2.6. Pattern of Teaching in Classes

Based on the observations of the researchers during their work with the special education teachers and the classes, and the field notes made during implementation research visits, we presented a “pen portrait” of the typical pedagogical approach and use of the AMLO platform, which tended to be fairly uniform across the classes, as described below.
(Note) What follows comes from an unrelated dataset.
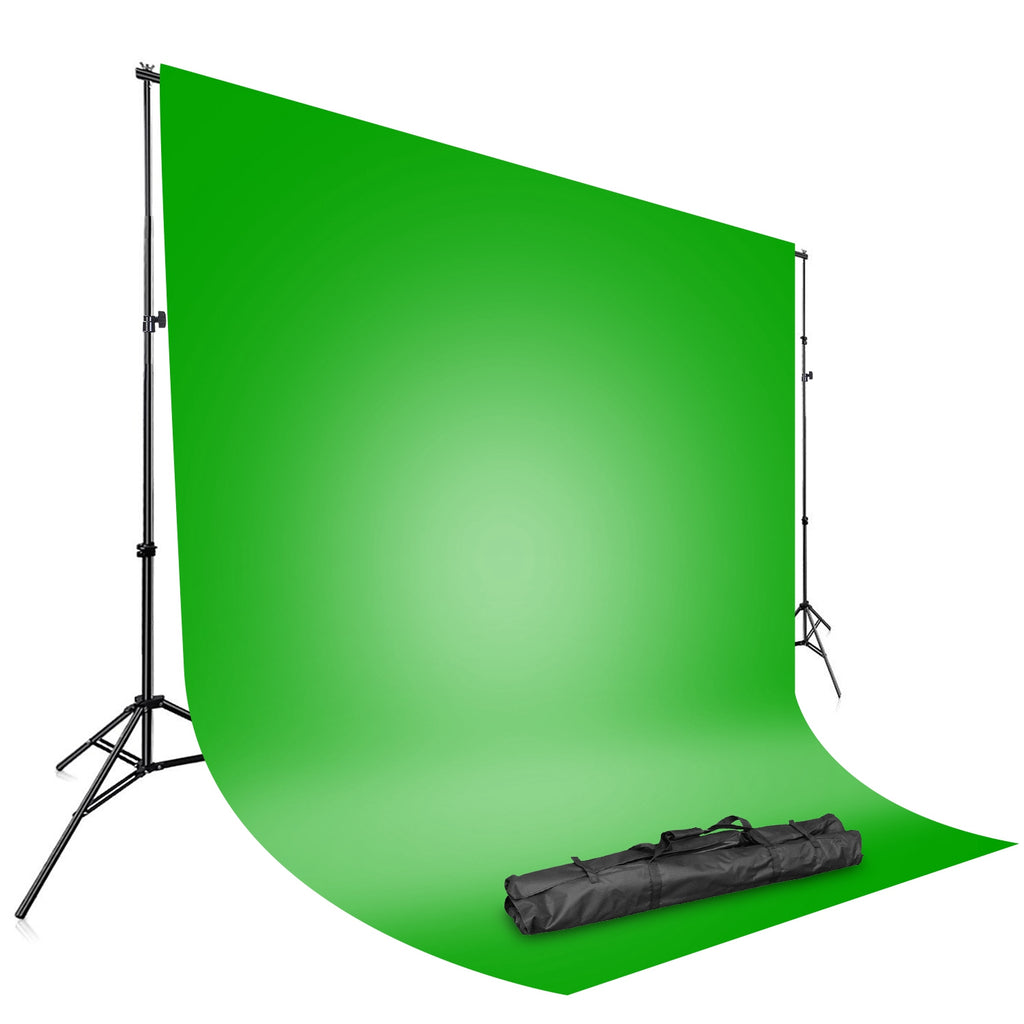 Adjustable metal photography backdrop stand with a 6.5x10ft vibrant green screen and black carrying bag.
2.6.1. Typical Pedagogical Approaches

The preparation of instructional materials and lesson plans was largely as follows. The special education teachers provided an introductory example to review previously studied content, linking it to the foundations of the new lesson, posing a question to students to infer the new lesson’s topic, offering encouraging reinforcement, and maintaining their attention to present the new lesson’s outcomes (i.e., intended outcomes) and discussing what would be learned during the class. The teacher might then read a specific mathematics problem, clarifying what students are required to find (e.g., adding or subtracting fractions), explain the problem, and solve the first example (a learning question), and, if multiple solution methods exist, present all approaches, allowing students to choose the relevant one. Lessons might typically involve guided group learning employing a cooperative learning strategy, dividing students into small, homogeneous groups based on lesson components. The special education teacher would engage the students’ attention and direct them to follow group work instructions and conditions (e.g., maintaining quietness, cooperating within the group, active participation, and required tools). This might involve the use of group cooperation strategies, for example, with each student solving their assigned question and preparing information to share with the group.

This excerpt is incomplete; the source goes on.